1

I need to fetch my array field in dataframe and assign it to a variable for further proceeding further. I am using collect() function, but its not working properly.

Input dataframe:

Department Language
[A, B, C] English
[] Spanish

How can i fetch and assign variable like below:

English = [A,B,C]

Spanish = []

5
  • Fetch array from dataframe? You can use my_variable = df1.my_column. Commented Nov 22, 2022 at 19:39
  • Please post more details about your code, and the expected output. The example you give at the end is hard to interpret, or translate into code. Commented Nov 22, 2022 at 19:41
  • I want to assign an element in my dataframe to a variable. It seems working with collect()[0][0], if array is not null. if Array is null I am getting - tuple index out of range error. Commented Nov 22, 2022 at 20:05
  • I want the code to fetch the array element and assign it to a variable as list. Even if the array is empty, I have to get a null list. Please share your thoughts. Commented Nov 22, 2022 at 20:43
  • my_variable = [df1.my_column[i]] if i<len(df1.my_column) else [] that would fetch an element as a list, or return an empty one. Is that the target application? Commented Nov 22, 2022 at 21:01

2 Answers 2

2

The simplest solution I came with is just extracting data with collect and explicitly assigning it to the predefined variables, like so:

from pyspark.sql.types import StringType, ArrayType, StructType, StructField

schema = StructType([
    StructField("Department", ArrayType(StringType()), True),
    StructField("Language", StringType(), True)
  ])

df = spark.createDataFrame([(["A", "B", "C"], "English"), ([], "Spanish")], schema)

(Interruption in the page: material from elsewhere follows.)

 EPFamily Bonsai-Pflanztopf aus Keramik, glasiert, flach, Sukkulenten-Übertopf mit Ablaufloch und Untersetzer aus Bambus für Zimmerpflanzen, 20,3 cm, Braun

English = df.collect()[0]["Department"]
Spanish = df.collect()[1]["Department"]
print(f"English: {English}, Spanish: {Spanish}")

# English: ['A', 'B', 'C'], Spanish: []
Sign up to request clarification or add additional context in comments.

Comments

1

EDIT: I completely brain-farted and missed that this was a PySpark question.

The below code might still be helpful if you convert your PySpark Dataframe to pandas, which for your situation might not be as ridiculous as it sounds. If the table is too big to fit in a pandas DataFrame then its too big to store all arrays in a variable. You can probably use .filter() and .select() to shrink it first.

Old Answer:


The best way to approach this really depends on the complexity of your dataframe. Here are two ways:

# To recreate your dataframe

df = pd.DataFrame({
    'Department': [['A','B', 'C']],
    'Language': 'English'
})

df.loc[df.Language == 'English']
# Will return all rows where Language is English.  If you only want Department then:

df.loc[df.Language == 'English'].Department
# This will return a list containing your list. If you are always expecting a single match add [0] as in:

df.loc[df.Language == 'English'].Department[0]
#Which will return only your list
# The alternate method below isn't great but might be preferable in some circumstances, also only if you expect a single match from any query.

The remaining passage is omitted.